Yes. If you glance at 2e and play it for a few sessions domain works pretty well. But if you look really hard at the system - which I did, since I overanalyze these things really hard - Domain tries to handle both creations of your actual estate and creations of associated concepts. However, this was only half-implemented, and the rulebook skipps it 90% of the time and mentions or alludes to it the other 10% of the time. The thing is:

  • If you allow domain to cover only the estate, then the noble of big can do all sorts of things with his domain, while the noble of elephants is probably specced into aspect or spirit or something because he can only create, change, and destroy elephants using domain.

  • If you allow domain to cover associated concepts, then the noble of elephants can do everything the noble of Big can do, and more, with his domain. So why would you be the noble of Big?

  • The most common implementation, that I've seen, is to focus on the actual estate but to allow associated concepts sometimes, if it makes sense and the HG likes it I guess? It gets really fiddly at time.

The obvious solution, to me, was to add Persona to 2e. Noble of Big takes domain, noble of elephants takes a 3-point estate property "Elephants are big" and specs into Persona, both can do stuff.

The 3E rules seem much more robust, in my opinion (although I'm still struggling to digest Will, Cool, Edge, Strike, etc.,)

You can have exchange of MP in 2e using the limitations system, so that's not the only real issue; the rulebook doesn't emphasize it as much, probably because there aren't a dozen different ways to do it. I didn't want to go too far into it in my last post, but I consider statting mortal bodies complete chaff in a system where Aspect 1 more than covers all of it.

I alluded to this in my previous post, but my biggest issue with 3e is that creativity got shut down in favor of "balance." Basically, here's how conflict worked in 2e:

My opponent has 5 spirit. If I wish to electrocute him, I need to perform a creation of electricity with 5 penetration (which gives him one wound*). If I wish to punch him, I probably just need to perform an aspect miracle that's higher than his aspect (which also gives him 1 wound). I can also solve the problem laterally: I can create a cage of stone or cement or rock around him, at a larger range than his auctoritas. However, the miracle takes a few second to become part of reality, so if I don't create the miracle with penetration 5, he can just move into range of it and his auctoritas will shred it. There are lateral solutions to this: For instance, I can create a cage high in the air that will solidify by the time it lands over him, assuming he doesn't move. If I perform a more complex miracle, perhaps invoking multiple estates, I can add remote-control thrusters to the cage to position it over him if he moves while it falls, then spend my prosaic action every round driving it. I can use a major miracle to make all of the air within one cubic kilometer flee the area, then another forming a boundary to keep it out; the air that was in side his auctoritas would then disperse into the vaccuum, depriving him of breath. Of course, it's low aspect to survive for a while without breathing.

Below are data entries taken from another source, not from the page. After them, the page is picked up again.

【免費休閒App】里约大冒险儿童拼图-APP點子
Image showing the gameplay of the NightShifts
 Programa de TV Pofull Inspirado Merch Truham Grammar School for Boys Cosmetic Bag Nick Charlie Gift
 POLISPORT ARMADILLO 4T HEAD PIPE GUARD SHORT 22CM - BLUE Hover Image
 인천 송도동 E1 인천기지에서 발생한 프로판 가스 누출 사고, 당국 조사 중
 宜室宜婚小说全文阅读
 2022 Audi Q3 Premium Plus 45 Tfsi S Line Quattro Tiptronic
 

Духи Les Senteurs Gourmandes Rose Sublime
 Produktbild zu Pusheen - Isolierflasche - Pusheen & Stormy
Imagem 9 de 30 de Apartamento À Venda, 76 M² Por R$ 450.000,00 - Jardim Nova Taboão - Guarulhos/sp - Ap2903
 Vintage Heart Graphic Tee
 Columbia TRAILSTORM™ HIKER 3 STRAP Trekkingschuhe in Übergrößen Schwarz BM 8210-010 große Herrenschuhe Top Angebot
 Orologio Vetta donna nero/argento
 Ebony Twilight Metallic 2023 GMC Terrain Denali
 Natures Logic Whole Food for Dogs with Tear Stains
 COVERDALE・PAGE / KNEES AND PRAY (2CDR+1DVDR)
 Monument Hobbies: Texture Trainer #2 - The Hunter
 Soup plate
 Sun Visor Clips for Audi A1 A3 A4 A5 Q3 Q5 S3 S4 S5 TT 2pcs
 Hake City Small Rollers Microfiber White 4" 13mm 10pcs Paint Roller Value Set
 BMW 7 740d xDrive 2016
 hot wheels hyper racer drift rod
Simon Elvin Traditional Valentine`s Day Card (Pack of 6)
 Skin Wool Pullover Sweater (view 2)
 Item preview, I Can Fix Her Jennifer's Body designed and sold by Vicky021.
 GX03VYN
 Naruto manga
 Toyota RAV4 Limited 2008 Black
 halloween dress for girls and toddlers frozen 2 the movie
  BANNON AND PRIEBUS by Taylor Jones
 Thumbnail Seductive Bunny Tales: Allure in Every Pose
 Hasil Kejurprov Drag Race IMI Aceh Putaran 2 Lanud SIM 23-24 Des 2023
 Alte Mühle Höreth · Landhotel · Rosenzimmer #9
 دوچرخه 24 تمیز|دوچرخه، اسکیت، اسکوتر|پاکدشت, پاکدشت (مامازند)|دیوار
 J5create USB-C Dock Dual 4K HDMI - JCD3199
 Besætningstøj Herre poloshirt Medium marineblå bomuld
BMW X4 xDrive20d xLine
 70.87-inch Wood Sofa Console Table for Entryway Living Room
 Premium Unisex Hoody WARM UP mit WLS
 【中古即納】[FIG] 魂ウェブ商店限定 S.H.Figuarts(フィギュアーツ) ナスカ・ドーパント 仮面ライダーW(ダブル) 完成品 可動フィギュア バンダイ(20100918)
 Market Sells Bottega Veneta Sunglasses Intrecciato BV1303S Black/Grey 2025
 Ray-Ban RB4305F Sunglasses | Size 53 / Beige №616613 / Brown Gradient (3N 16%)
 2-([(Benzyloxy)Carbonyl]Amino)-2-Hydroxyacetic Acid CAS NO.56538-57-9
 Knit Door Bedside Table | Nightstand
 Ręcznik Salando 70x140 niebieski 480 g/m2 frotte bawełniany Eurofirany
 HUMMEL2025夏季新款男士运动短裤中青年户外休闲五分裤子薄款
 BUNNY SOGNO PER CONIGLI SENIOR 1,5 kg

There's things, however, that I can't do to a noble/excrucian/power in 2e. I can't teleport him, because his space and position do not belong to the estates of space or position. I can't freeze him because his time isn't part of the estate of time. I can't force his mouth closed, even if I penetrate his auctoritas, because his mouth does not belong to the estate of mouths (which is why the vacuum approach, above, is the best way to prevent someone from speaking). I can't alter his memories or erase his will. And so on. Do things to people; you can't alter them fundamentally. Think laterally.

Now let's get to 3e. I can perform the same aspect miracle (let's say I shoot him at aspect 6), giving him one wound. I can perform the same domain miracle (how about I electrocute him), giving him one wound. I can close his mouth, giving him one wound. I can slow his personal time down or alter his memories or shrink him down to 1 atom of size, giving him one wound. Basically, 3e conflates health to personal agency, so if I damage your ability to force your will upon the world (by shooting you, preventing you from speaking, caging you to prevent your movement, slowing down your actions....) then that's one "wound."

This is my largest problem with 3e. 2e focuses on creativity and problem-solving. 3e is a numbers fight, without the ability to meaningfully affect another power short of killing them.

  • Standard wound level disclaimer: If the wound I give him is less than his max available wound level, he isn't hurt.